# Brushless Timing



## Littcoz (Mar 9, 2010)

I am running a Duo-2 brushless 13-5, 1 cell pan car.

I am confused with reguard to motor timimg. I have some people tell me never touch the timing on the bell end and use the tekin software to adjust the timimg if necessary.
Some tell me to crank the timing all the way up on the bell housing and set the tekin timing to "0".

*Is the timing adjust through the software going to have the same results as adjusting the bell housing?

*Seems like almost everyone at the track has adjusted the timing is this a good idea or should I just ignore timing and concentrate on gearing?

*What is the max amout of timing adv you should use? (software or manual)?

*Is there a rule of thumb reguarding timing degree and gearing reduction?

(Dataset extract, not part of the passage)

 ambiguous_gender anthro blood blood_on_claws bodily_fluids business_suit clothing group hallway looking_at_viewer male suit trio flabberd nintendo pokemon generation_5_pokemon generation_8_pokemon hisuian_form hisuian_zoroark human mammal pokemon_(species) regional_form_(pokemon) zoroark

BTW I run on a medium size oval carpet track.

Thanks!


----------



## Tommygun43 (Nov 17, 2002)

Which version software are you running in the Tekin?


----------



## Littcoz (Mar 9, 2010)

The 198 I believe. I know its not the one that automaticaly adjust it. I believe its the next version from that.


----------



## Tommygun43 (Nov 17, 2002)

ok, this is my opinion.

The first thing you really need to do if you have not done so already is check the amp draw of your motor and esc combo by using a charger in the motor-run mode. Here is some info on that http://www.hobbytalk.com/bbs1/showpost.php?p=3149982&postcount=404 Basically, you just use a charger in place of your battery. The charger will show you how many amps your motor is drawing. I use my LRP Pulsar 3.

I have tried timing up to 15 degrees in the esc and my preference is 0-1 degree. My motor pulls 2.8amps. More is not necessarily better. 

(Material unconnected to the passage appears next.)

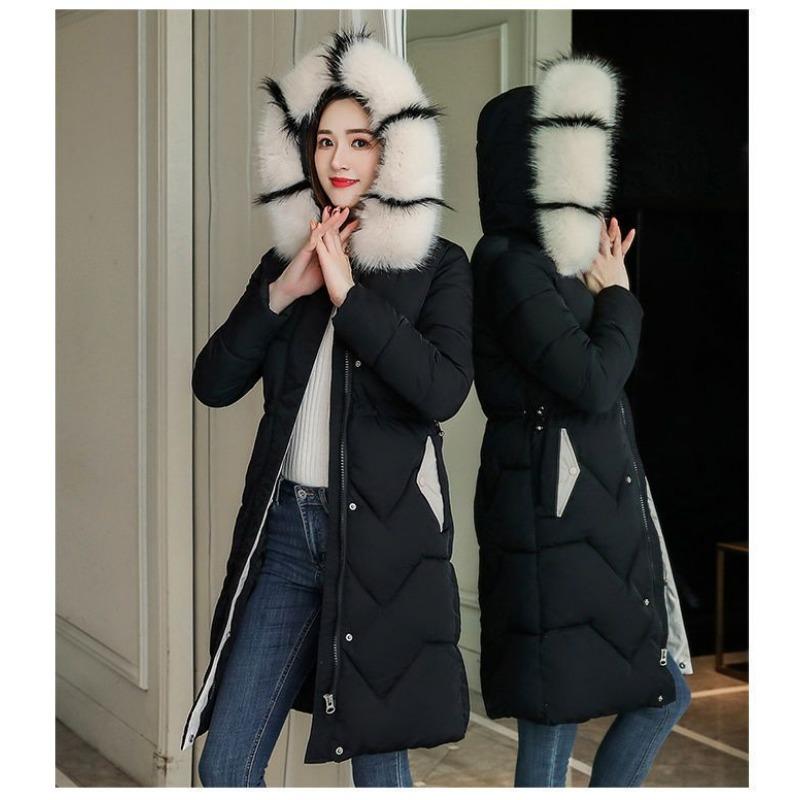 Женская длинная куртка из хлопка с подкладкой из хлопка длиной до колена, новая корейская версия, куртка с зауженной талией для похудения и утолщения, зимняя куртка из хлопка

So what I'd do is set your Tekin esc to 0 degrees then run your Duo-2 on a charger and adjust the timing to 2.8 amps, just to get a baseline. This is just more accurate than saying to set your motor on a certain mark (because all motors are a little different...2 motors set on the same mark could have way different timing).

I'd say drop a tooth for every 5 degree increase in the esc. So if you go from 0 to 15 degrees, drop 3 teeth.

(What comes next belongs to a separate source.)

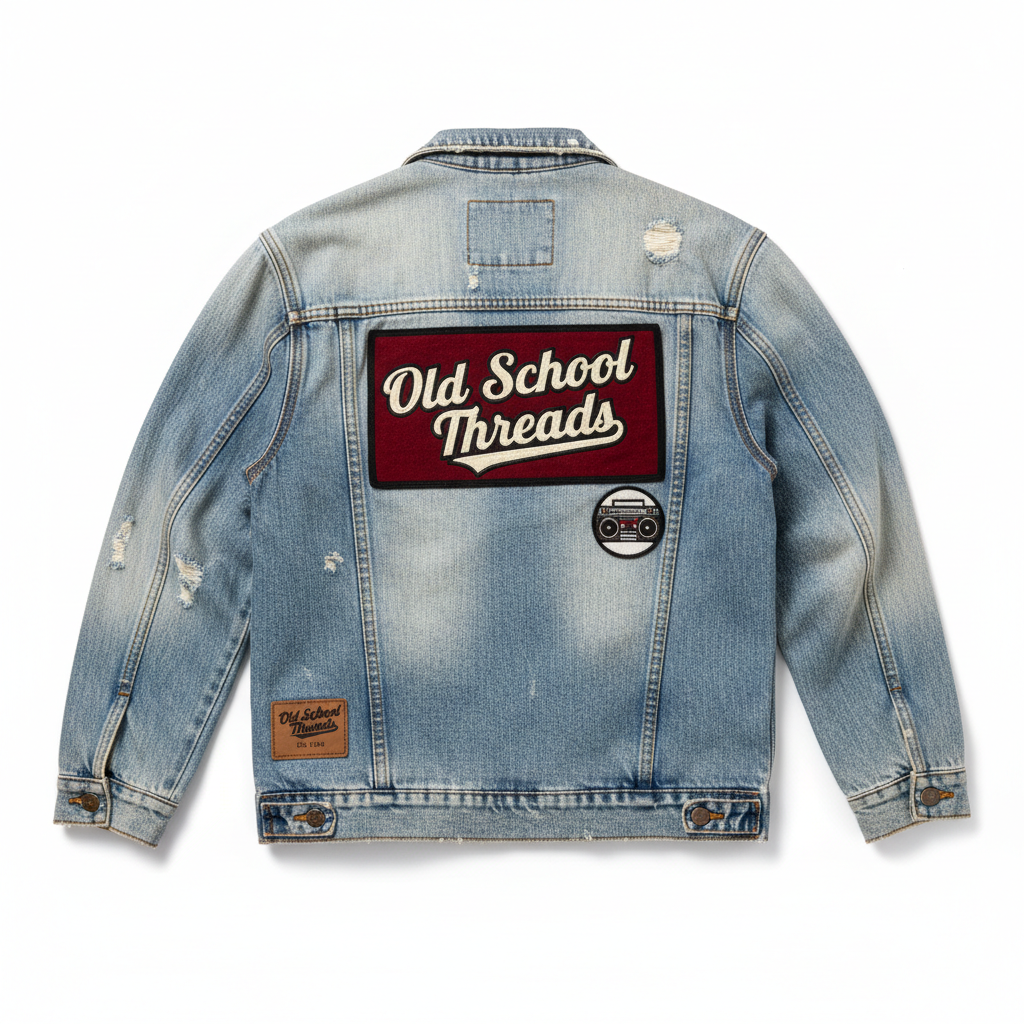 Old School Threads Distressed Denim Jacket flat lay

Timing in the esc does have similar effect to adjusting timing in the motor. 

just my opinion


----------



## speedster1919 (Oct 4, 2009)

If you add timing at the motor that is mechanical which is at a crawl or flat out. If you increase timing you generate heat, lose start up and punch torque, increase rpm. Ideally if an ESC can temperary kick in timing just for burst down a straightaway is better. I've been told to run DUO on middle notch period. I think I read it on Epic site sometime ago. Everthing is a trade off. Gear too high (heat)and you got high speed with no low speed punch and gear too low (cooler) you have wheel standing spinning punch with no decent high speed.


----------